Yayınlanma: 20.05.2014 - 09:31
Abone Ol google-news

Baştan vurgulayalım : «Kış Uykusu» önümüzdeki cumartesi gecesi yapılacak ödül töreninde mutlaka sahneye çağrılması gereken bir başyapıt. Jane Campion ve jüri üyelerinin dışlayamayacakları olgunlukta, sağlam, duyarlı, derinlikli bir yaratıcı sineması örneği. Nuri Bilge Ceylan’a en azından senaryo, belki ikinci kez mizansen ya da üçüncü kez jüri ödülü kazandıracak; aslında,Türk sinemasının 1982’den bu yana beklediği ikinci Altın Palmiye’yi getirecek güçte bir film.
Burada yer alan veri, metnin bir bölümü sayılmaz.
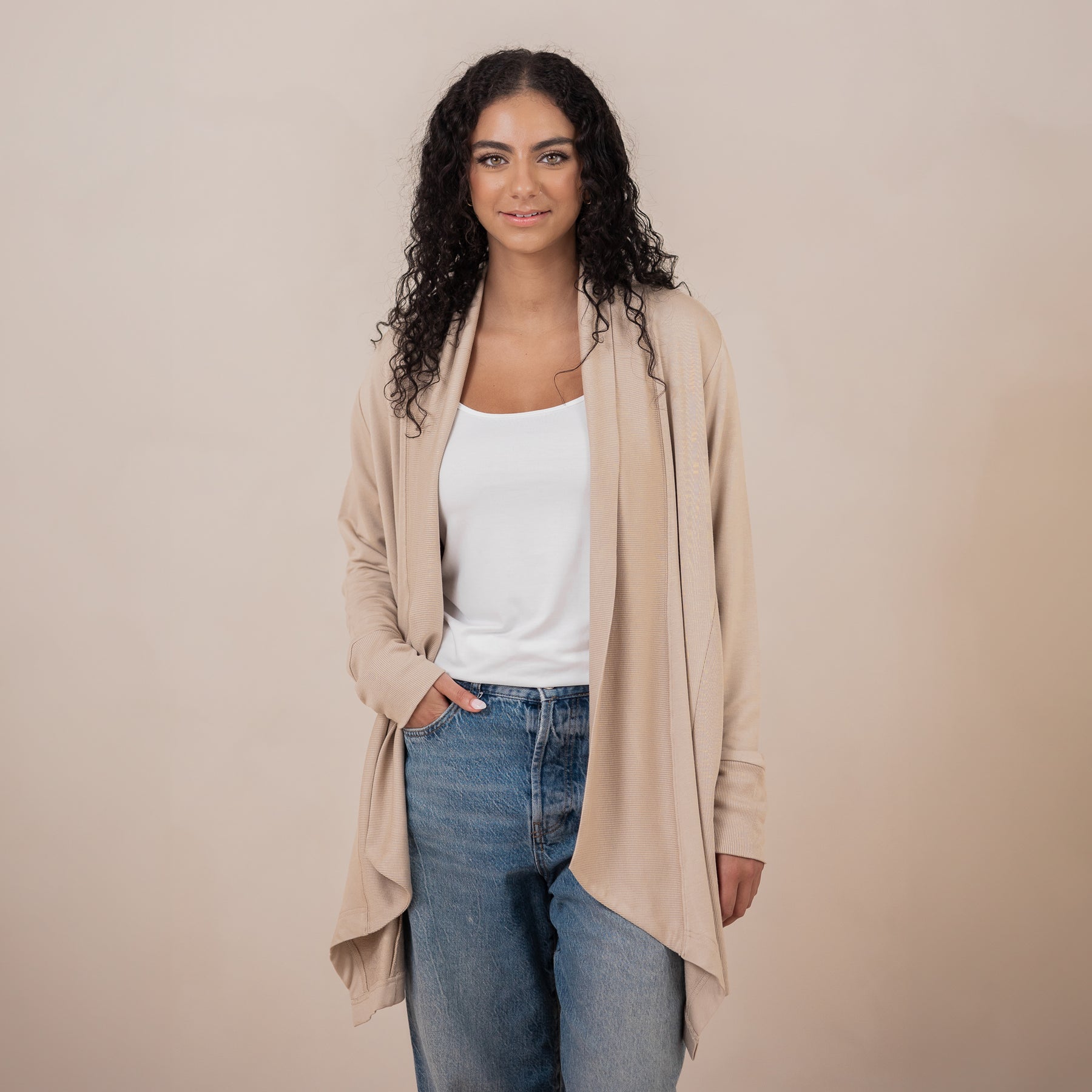 Female wearing the Women's French Terry Wrap Top in Almond with a white shirt and medium wash jeans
Muzaffer Özdemir ile Mehmet Emin Toprak’ın 2003’te «Uzak»taki yorumlarıyla paylaştıkları en iyi erkek oyuncu ödülünü, Haluk Bilginer’in yeniden kapma olasılığı da yüksek…

Aslında, verilecek ödül(ün)lerin ne(ler) olacağı, sinemaseverler için hiç de önemli değil. Önemli olan,Türkiye insanı gerçeğinin, son derece incelikli, alabildiğine duyarlı görsel ve düşünsel bir senfoniye dönüşerek beyazperdeye yansıyor olması.Felsefi derinliği olan, entelektüel düzeyde ödün vermeyen (öz)eleştirel bakışın acımasız sertliğiyle kaleme alınmış senaryo gerisinde, Anton Çehov’dan ya da Dostoyevski’den esinlenmenin ötesinde, olgun bir edebiyat dili, sağlam bir dramaturjik yapı bulunuyor.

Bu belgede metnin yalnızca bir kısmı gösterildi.